Résumer la carrière encore en cours d’un cycliste n’est pas une sinécure. Résumer la carrière en cours d’un champion de la trempe de Tadej Pogačar se révèle encore plus alambiqué. Car il est difficile de laisser en pointillés ce qui pourrait ou non se produire après l’impression. La tendance sera-t-elle favorable à celui dont on conte l’histoire ? Son avenir sera-t-il bousculé par l’un ou l’autre obstacle, tel un pépin de santé, une chute ou un problème extra-sportif ? Comment prédire ce qui ne peut l’être alors qu’un écart d’un centimètre sur un trou ou face à un autre coureur du peloton peut transformer le destin ? Imaginer transcrire la biographie d’un cycliste d’à peine 27 ans, qui n’est professionnel que depuis sept saisons, semble aussi complexe que la gestion d’un Paris-Roubaix.
Cela n’a pas arrêté le journaliste anglais Andy McGrath de s’essayer à l’exercice. Une tentative au bout d’une saison 2025 qui a encore dépassé tout ce que les observateurs du peloton pouvaient imaginer à propos d’un coureur qui se rapproche de plus en plus des plus grands. Comment Tadej Pogačar est-il passé du frêle coureur slovène dont les capacités physiques ne semblaient pas déborder celles de ses équipiers au champion aujourd’hui incontesté sur la majeure partie des courses auxquelles il prend part ? L’auteur de cette biographie s’est replongé dans ses archives et ses premières interviews avec celui qui s’est imposé dès sa deuxième course par étapes parmi les professionnels.
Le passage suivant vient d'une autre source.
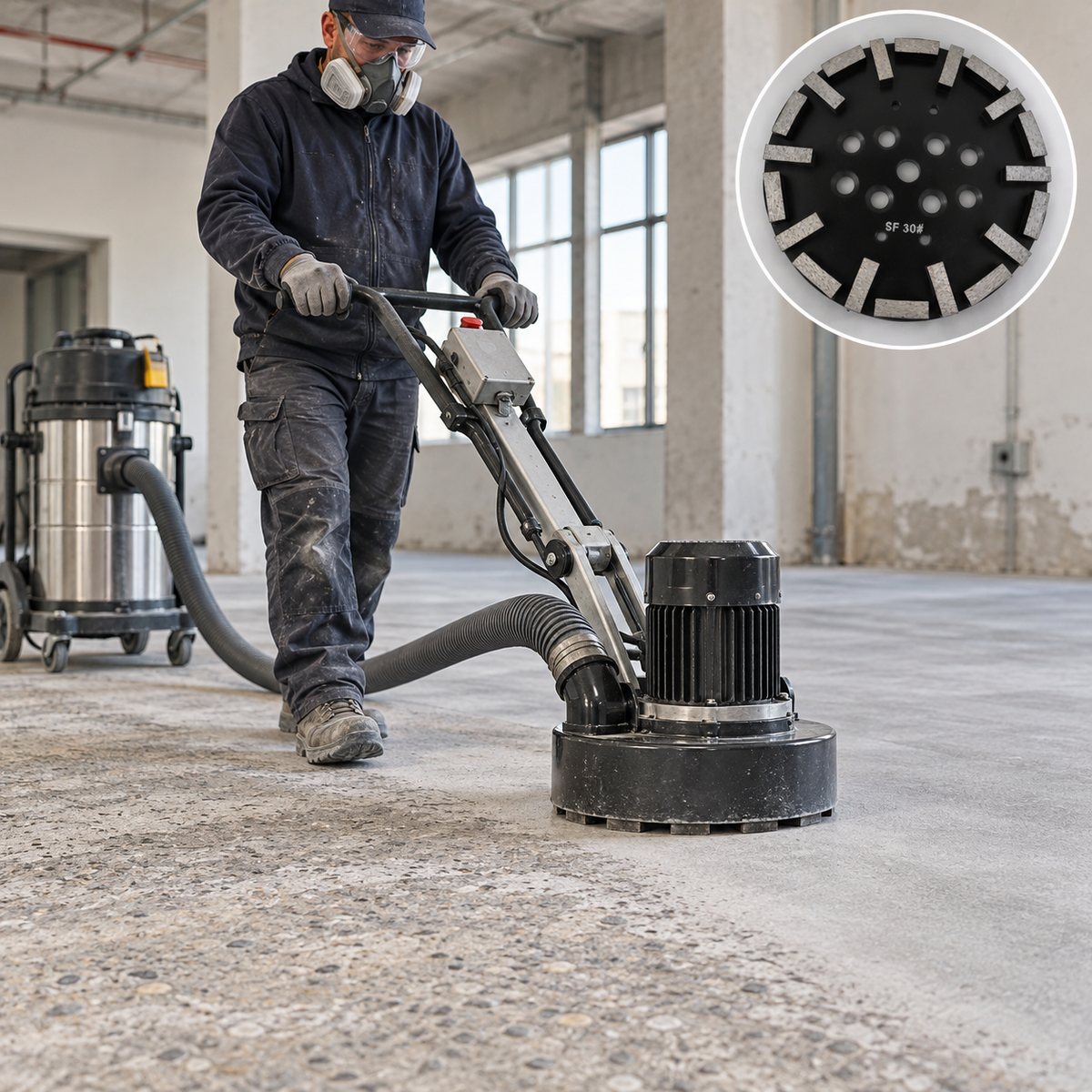 250 mm Diamond Grinding Plate for Concrete Floors – SF/HF, 20/30/60 Grit – application ,  concrete floor grinding ,  illustra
Il s’est envolé pour la Slovénie afin de rencontrer ses anciens entraîneurs et équipiers, ainsi que des proches qui ont façonné la force de caractère de ce touche-à-tout toujours heureux dès qu’il est sur un vélo.

Le récit évoque les (nombreuses) victoires d’un cycliste très souvent comparé au champion des champions, Eddy Merckx, mais aussi les quelques défaites qui lui ont permis de se renforcer pour l’avenir. Ce sont ces épisodes qui apparaissent comme nécessaires à la compréhension de la carrière de Tadej Pogačar et à sa volonté de domination. Une volonté qui reste toutefois liée au souhait de trouver de l’amusement dans ses défis. L’objectif est de garder la passion intacte, par de nouveaux défis ou de nouvelles histoires à raconter.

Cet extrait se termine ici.